Truly, has anyone NOT heard of the alien ship that crashed at Roswell, was put into an underground military base and heavily guarded ever since? Well, while there's no actual proof any alien technology of any kind, there IS a heavily-guarded base built there called Area 51 and if you trespass they will kill you without hesitation. They have something to hide and there is countless reams of footage of wierd lights in the sky above "Dreamland". Personally, the biggest hurdle to the borderline-Torchwood xenotech research idea is that I find it hard to believe that aliens could crash their supremely advanced spaceship because of lightning and fail to invent seatbelts. And if, say, some kind of magnetic stuff in the rock screwed their ship, logically Roswell would be the worst possible place to test alien spaceships?

Anyway, the reason for the crash is explained (though the "real" one occured at night during a thunderstorm), and it's into the opening credits which, thanks to the new HD tinkering, is exactly like live action episodes yet maintains the same feel and look.

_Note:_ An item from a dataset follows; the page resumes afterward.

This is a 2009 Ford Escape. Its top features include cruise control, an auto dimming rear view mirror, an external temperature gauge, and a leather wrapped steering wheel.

Amazing. And how many fans' hearts sink as Georgia Moffet gets top billing but isn't Jenny?

Despite the exquisitely-detailed landscapes, my hopes sink when they can't even animate the bloody TARDIS landing. Didn't they know how to draw a police box? The jerky, almost Gumby-shaped Doctor shambles drunkenly into a diner, with doors flying open ahead of him as if he's using mighty Jedi powers that give him Parkinson's Disease. In fact, let's just say here and now

THIS IS WITHOUT ANY DOUBT THE WORST ANIMATION I HAVE EVER SEEN AND ALL CONCERNED SHOULD BE ASHAMED OF THEMSELVES

LIKE THE WEEPING ANGELS, IT WORKS UNTIL YOU SEE THEM MOVE...

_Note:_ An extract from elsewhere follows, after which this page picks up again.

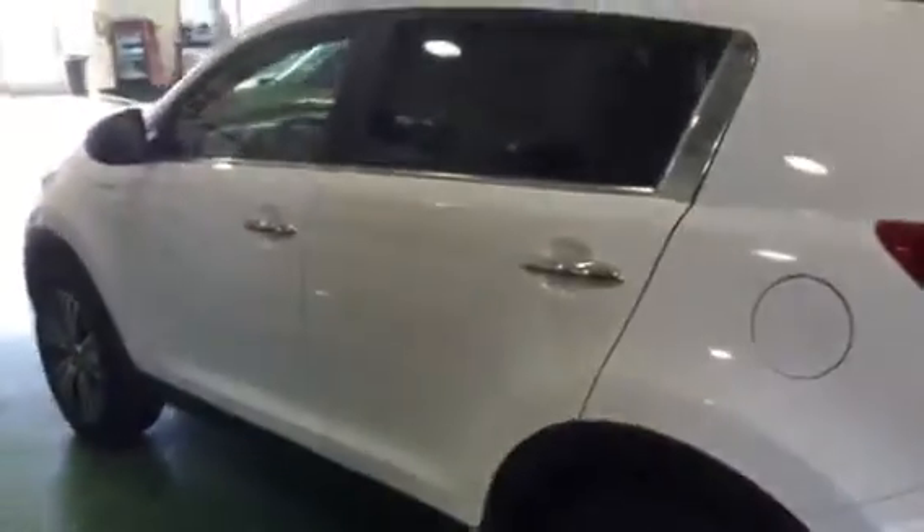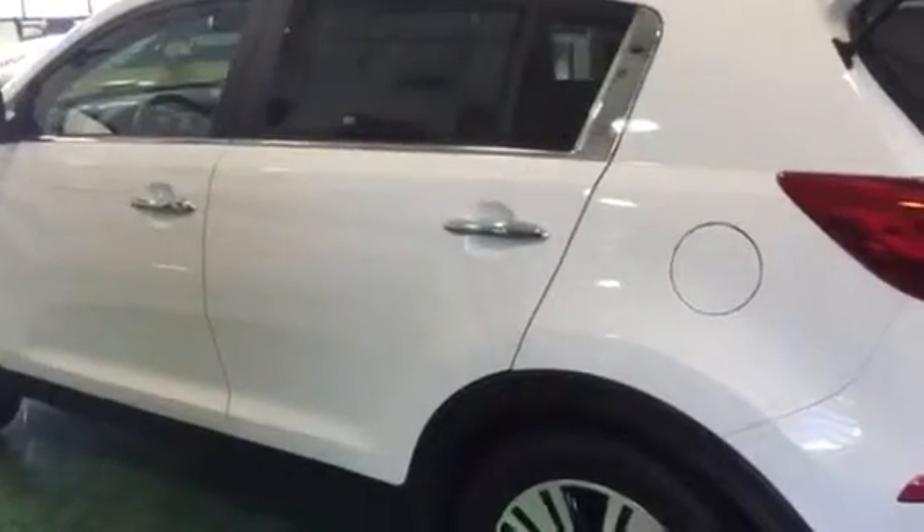I'd love to set up a time that you can come take a look at it in person. Just give me a call when you have a minute. My name is Scott Garner — 801-444-2277.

OK. The Doctor seems to have come straight from Adelaide's place and is generally giving the air of someone desperately prevaricating and he's hastily decided that before he answers the call of the Ood he will stuff himself full of American chili, and thus detours to 1958 to start patronizing stupid apes. Or maybe just Americans, it's not exactly clear. The Doctor then snatches up an alien fuse that was lying around the diner from 'the saucer that crashed five years ago' and zaps it until it makes every lightbulb in the diner explode. The owner/waitress and her Native American biker customer are not pleased, understandably.

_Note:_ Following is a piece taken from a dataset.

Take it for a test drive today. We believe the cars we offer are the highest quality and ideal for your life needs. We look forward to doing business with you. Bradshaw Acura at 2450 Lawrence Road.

But within three seconds some albino MIBs arrive outside the diner and barge in as the biker goes on in his best Johnny Redcorn voice that space aliens are mutilating his cattle. The MIB (played by the bald guy villain from Beast of Orlock... or Gladiator) arrives, beats up the biker and demands the fuse. So the Doctor sonics the coffee machine, which terrifies the freak long enough for our "heroes" to effortlessly flee in the biker's truck.

Heading for the ranch, there follows some painful comedy that might have worked if the animators knew what the hell they were doing. As the Doctor muses on the dinosaur-like tracks and puzzles what could have caused them, a freaking huge alien bug creeps up behind him and scares the shit out of his new pals, while the oblivious Time Lord wracks his brains for what it could be. Finally he twigs both to the monster's presence and its origin, tells the waitress to STOP THE HELL SCREAMING!!! Alas, it's too late and the monster is so pissed off he decides to use the trio as target practice as they try and silly-walk their way to safety, when suddenly a passing Black Ops helicopter fires a missile and blows the insect to pulp.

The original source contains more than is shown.